Exercise details =>
For this task, copy all of the data below exactly and skip the pictures.

[[ Information shown, beginning ]]

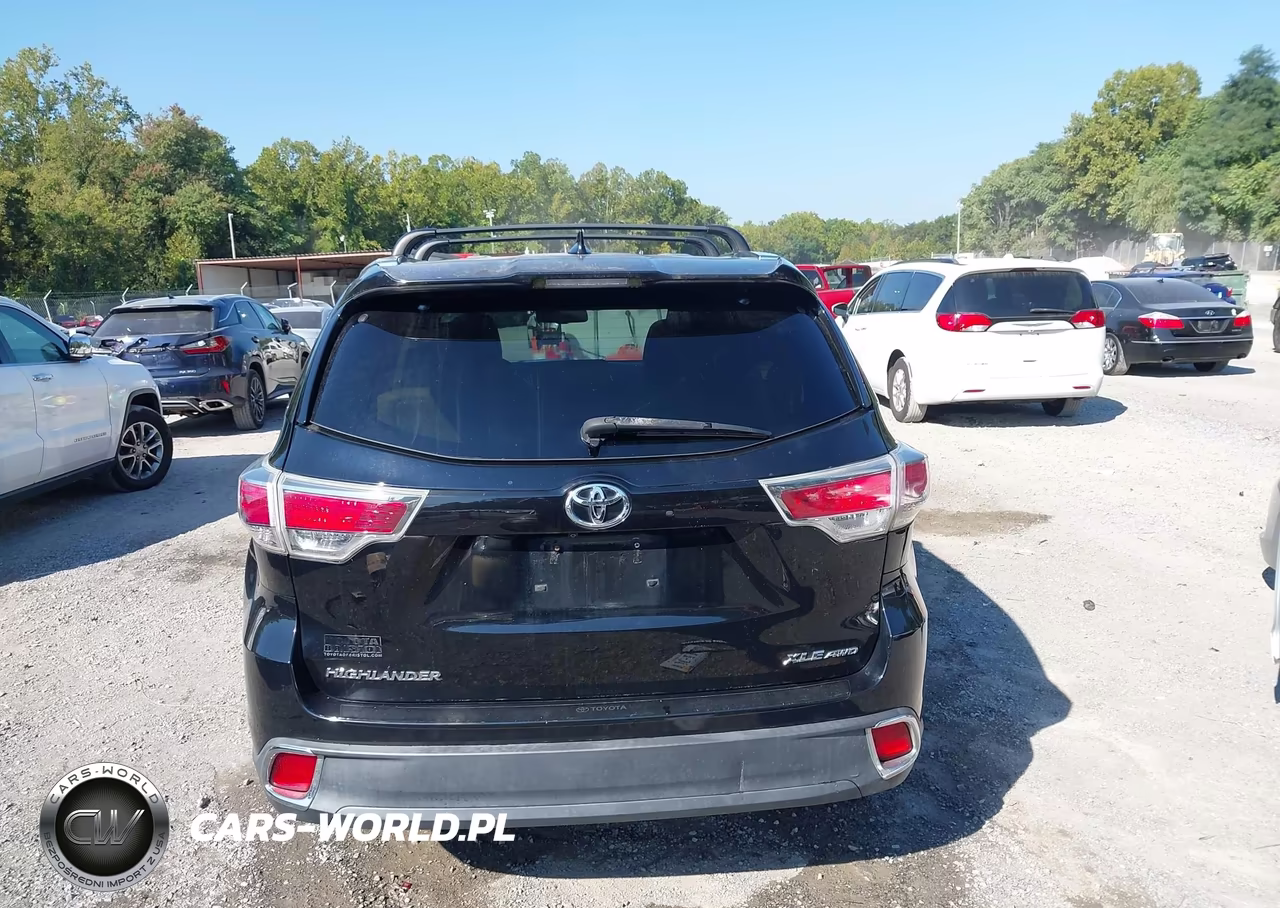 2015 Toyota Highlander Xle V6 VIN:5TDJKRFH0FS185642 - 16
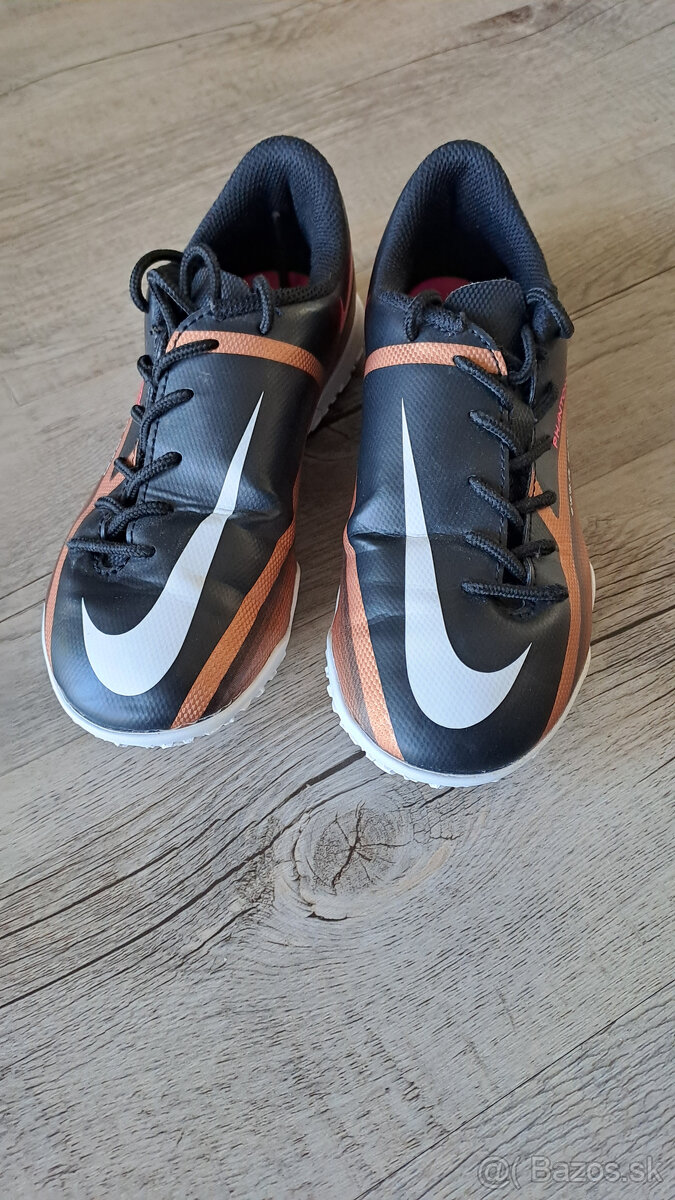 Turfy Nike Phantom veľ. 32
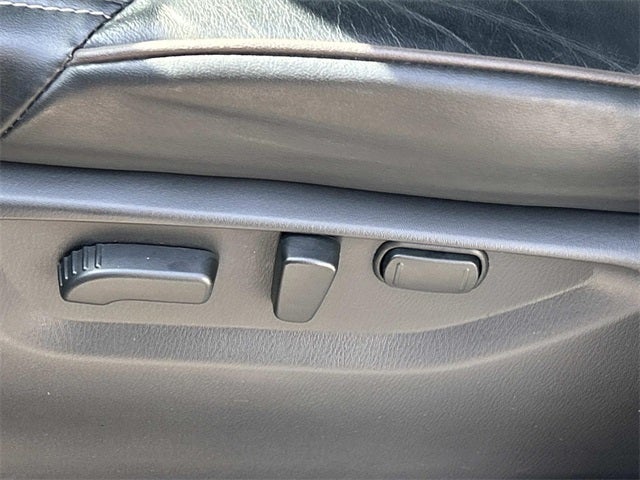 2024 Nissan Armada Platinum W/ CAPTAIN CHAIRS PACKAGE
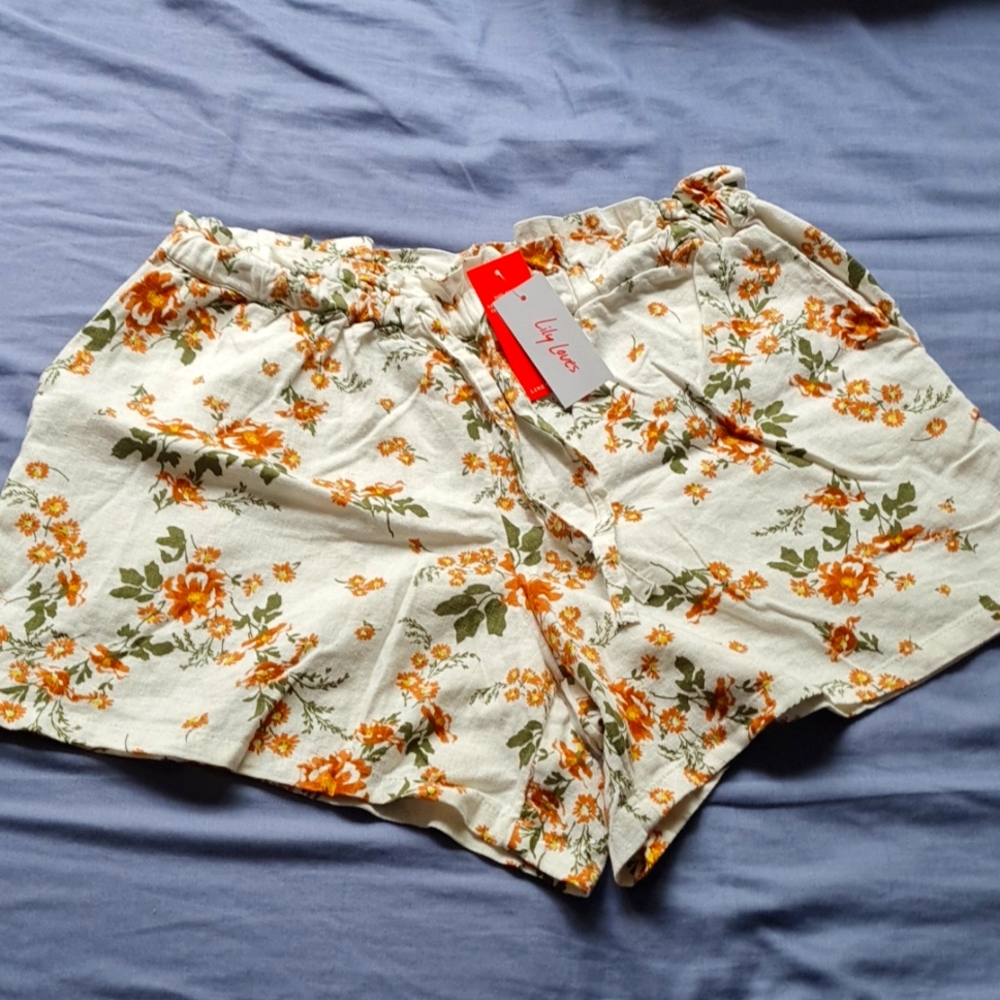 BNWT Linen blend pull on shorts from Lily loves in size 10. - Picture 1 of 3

[[ Information shown, end ]]

Solution for this task =>
 2015 Toyota Highlander Xle V6 VIN:5TDJKRFH0FS185642 - 16
 Turfy Nike Phantom veľ. 32
 2024 Nissan Armada Platinum W/ CAPTAIN CHAIRS PACKAGE
 BNWT Linen blend pull on shorts from Lily loves in size 10. - Picture 1 of 3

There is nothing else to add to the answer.